Jim Lux jimlux at earthlink.net
Tue Jun 8 13:55:25 EDT 2004


At 01:33 PM 6/8/2004 -0400, Tom Rauch wrote:
> > >Let's submerge our screwdriver mobile antennas in a
>cryogenic
> > >container.  An additional advantage would be that no bugs
>would nest
> > >in there!
> > >
> > >73,
> > >
> > >   George T. Daughters, K6GT
> > reducing the loss in the coil will make the bandwidth
>narrower.  You run
> > into this when you contemplate making high efficiency
>compact loops.  Sure,
>
>
>The mobile system is dominated by ground loss. In my large
>F250 supercab truck the grounding loss was about 10 ohms on
>80 meters. Increasing loading coil Q by a factor of three
>doesn't have near the effect on bandwidth that changing the
>VALUE of reactance does. If I add a large hat so as to
>reduce inductance by three-fold, bandwidth is roughly three
>times larger. This can occur even while efficiency increases
>substantially, because the ground loss swamps out resistance
>changes in the overall system.
>
>My narrowest 160 meter mobile antenna is also the least
>efficient by a considerable margin.
>
>Loops, being a closed system, are different. Unless of
>course they are near a very lossy media.

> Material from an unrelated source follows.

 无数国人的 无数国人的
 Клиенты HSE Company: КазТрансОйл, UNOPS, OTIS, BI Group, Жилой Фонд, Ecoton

There are some commercial mfrs (in Australia, land of pervasive HF mobile) 
of compact loops that look much like a luggage rack, and there are some 
journal papers on turning the whole vehicle + a big whip into a fairly 
large loop. (coupling to the "A-pillar" of the vehicle, with a transformer)

A loop is going to couple to the surroundings, just as a dipole/monopole 
would, but the coupling mechanism might be different, and the dominant loss 
mechanisms might be different (high H field, low E field with the loop).

I wonder if there's some qualitative statement that could be made about the 
relative efficiencies of the two.  They're both "physically small 
radiators", but very different in some ways.

Is it the "ground loss" that's dominating, or the "vehicle body loss"?